Perhaps more than any other MCU movie to date, Homecoming showcases to stunning effect the thematic and emotional depth the broader context provided by a cinematic universe can inject into individual films. The movie is stuffed with casual lines, images, and dialogue that acquire far greater significance if the viewer has watched Marvel’s other movies, which in turns enriches their understanding of the thematic underpinnings of Homecoming itself. When Tony tells Peter that “if you’re nothing without the suit, then you shouldn’t be wearing it,” his words carry the emotional weight of the entire Iron Man trilogy, which traced Tony’s realization and internalization of that exact lesson. Similarly, when he mutters to himself that “I sound just like my dad” while lecturing Peter, Tony hints that his difficulty in acting as a paternal figure stems from his own troubled relationship with his father. This subtext adds layers of meaning to Tony’s interactions with Peter, elevating them from mere comedy to subtle character studies. Meanwhile, Captain America’s cameo appearance as a gym trainer in educational videos doubles in both hilarity and irony in light of his origins as a World War II propaganda icon. Peter’s smug pride at stealing Captain America’s shield highlights his innocent view of the Avengers when juxtaposed against the sad reality of what the shield now represents to Tony: Steve’s betrayal of their friendship and “theft” of the shield from the man (Howard Stark) whose murderer he knowingly spared.

By grounding Homecoming’s narrative in the intimacy of a local New York setting, Marvel is able to demonstrate with unprecedented vividness the Avenger’s cultural and political impact on their society.
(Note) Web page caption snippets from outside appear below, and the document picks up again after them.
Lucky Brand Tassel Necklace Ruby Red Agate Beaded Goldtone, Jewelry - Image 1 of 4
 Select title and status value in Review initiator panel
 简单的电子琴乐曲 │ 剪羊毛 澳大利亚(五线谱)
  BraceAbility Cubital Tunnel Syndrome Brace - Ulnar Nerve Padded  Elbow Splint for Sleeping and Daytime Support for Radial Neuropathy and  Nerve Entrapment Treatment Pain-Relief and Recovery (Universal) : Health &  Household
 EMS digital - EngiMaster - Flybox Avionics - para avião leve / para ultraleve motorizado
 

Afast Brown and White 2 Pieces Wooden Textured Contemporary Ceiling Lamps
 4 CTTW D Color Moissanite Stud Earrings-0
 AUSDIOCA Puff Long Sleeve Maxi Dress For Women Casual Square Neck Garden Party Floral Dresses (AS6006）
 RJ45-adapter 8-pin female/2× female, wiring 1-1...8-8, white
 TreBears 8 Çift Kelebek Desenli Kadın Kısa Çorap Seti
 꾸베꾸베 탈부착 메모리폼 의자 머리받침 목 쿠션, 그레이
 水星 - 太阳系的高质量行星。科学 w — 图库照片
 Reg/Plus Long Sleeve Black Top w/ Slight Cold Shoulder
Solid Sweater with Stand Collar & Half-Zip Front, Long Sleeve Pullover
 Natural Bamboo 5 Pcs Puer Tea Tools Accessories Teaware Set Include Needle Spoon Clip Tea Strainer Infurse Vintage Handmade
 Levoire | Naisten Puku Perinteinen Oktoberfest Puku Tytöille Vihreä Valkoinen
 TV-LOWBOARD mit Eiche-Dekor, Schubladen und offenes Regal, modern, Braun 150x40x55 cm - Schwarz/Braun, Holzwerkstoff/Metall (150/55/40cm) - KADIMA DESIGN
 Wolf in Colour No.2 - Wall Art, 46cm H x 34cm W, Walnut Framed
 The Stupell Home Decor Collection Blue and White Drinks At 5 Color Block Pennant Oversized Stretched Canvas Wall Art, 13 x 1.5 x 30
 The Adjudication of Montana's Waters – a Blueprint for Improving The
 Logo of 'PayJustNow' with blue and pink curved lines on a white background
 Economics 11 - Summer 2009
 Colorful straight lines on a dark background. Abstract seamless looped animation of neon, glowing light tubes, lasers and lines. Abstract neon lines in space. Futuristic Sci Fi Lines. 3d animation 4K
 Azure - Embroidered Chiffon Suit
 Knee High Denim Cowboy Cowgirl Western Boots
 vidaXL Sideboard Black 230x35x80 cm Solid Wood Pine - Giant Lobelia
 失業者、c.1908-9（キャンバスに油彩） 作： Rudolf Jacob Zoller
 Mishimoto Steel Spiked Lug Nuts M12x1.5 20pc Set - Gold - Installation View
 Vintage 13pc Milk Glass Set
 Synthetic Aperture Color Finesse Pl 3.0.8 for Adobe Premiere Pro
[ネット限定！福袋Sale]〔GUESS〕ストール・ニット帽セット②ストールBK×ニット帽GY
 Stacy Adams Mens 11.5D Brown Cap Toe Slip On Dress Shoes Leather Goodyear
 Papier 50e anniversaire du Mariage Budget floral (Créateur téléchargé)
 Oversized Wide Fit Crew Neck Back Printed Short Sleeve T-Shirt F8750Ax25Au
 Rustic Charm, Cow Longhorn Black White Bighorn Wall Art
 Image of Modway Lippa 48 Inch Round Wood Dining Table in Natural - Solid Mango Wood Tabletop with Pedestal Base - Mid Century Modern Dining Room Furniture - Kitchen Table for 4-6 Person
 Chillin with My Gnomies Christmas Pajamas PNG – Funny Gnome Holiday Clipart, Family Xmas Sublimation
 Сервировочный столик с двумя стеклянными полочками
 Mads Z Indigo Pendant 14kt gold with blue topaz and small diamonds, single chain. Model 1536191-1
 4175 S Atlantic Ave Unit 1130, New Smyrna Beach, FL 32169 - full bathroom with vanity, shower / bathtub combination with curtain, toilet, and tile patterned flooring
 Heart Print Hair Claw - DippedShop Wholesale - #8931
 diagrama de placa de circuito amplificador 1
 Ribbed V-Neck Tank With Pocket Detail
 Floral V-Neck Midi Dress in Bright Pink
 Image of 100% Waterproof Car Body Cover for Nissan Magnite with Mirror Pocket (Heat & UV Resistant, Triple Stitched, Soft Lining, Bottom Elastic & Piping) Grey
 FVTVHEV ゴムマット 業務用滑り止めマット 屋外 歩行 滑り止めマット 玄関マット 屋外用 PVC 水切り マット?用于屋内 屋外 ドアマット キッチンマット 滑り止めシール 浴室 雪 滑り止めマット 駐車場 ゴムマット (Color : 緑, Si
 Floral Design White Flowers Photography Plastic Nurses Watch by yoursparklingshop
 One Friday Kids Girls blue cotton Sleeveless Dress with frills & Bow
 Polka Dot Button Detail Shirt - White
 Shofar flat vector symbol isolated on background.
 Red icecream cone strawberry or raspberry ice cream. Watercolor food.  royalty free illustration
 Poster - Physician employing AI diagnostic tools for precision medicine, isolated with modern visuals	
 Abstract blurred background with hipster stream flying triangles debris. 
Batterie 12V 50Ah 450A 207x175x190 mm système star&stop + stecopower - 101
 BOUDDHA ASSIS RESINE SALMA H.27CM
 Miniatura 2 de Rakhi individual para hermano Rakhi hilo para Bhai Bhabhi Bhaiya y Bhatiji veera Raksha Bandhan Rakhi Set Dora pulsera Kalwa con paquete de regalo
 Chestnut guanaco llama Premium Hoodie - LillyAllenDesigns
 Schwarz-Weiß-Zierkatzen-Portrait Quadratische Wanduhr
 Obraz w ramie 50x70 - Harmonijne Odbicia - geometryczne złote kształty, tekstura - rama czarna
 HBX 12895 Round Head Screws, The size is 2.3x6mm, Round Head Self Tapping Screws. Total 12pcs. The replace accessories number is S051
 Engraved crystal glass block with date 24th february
The Vulture’s villainy is a result of Stark Industries, in collaboration with the U.S. government, denying his small company the profit of salvaging the alien Chitauri technology left behind by the massive New York battle of the Avengers.  High school girls playing Mary, F, Kill with members of the Avengers, Captain America starring in educational videos, Midtown School’s coach wondering aloud whether Captain America is now considered a war criminal (following the events of Civil War), ATM robbers dressing in Avengers costumes, Peter lying about working a Stark Industries internship—these seemingly trivial details inject a concrete sense of realism in an otherwise whimsical setting. Marvel’s world thus feels like a real, breathing entity that evolves in response to major events like the partial destruction of New York City and the failure of the Sokovia Accords. The massive scuffles that Tony, Steve, and all the other Avengers engage thus feel more consequential.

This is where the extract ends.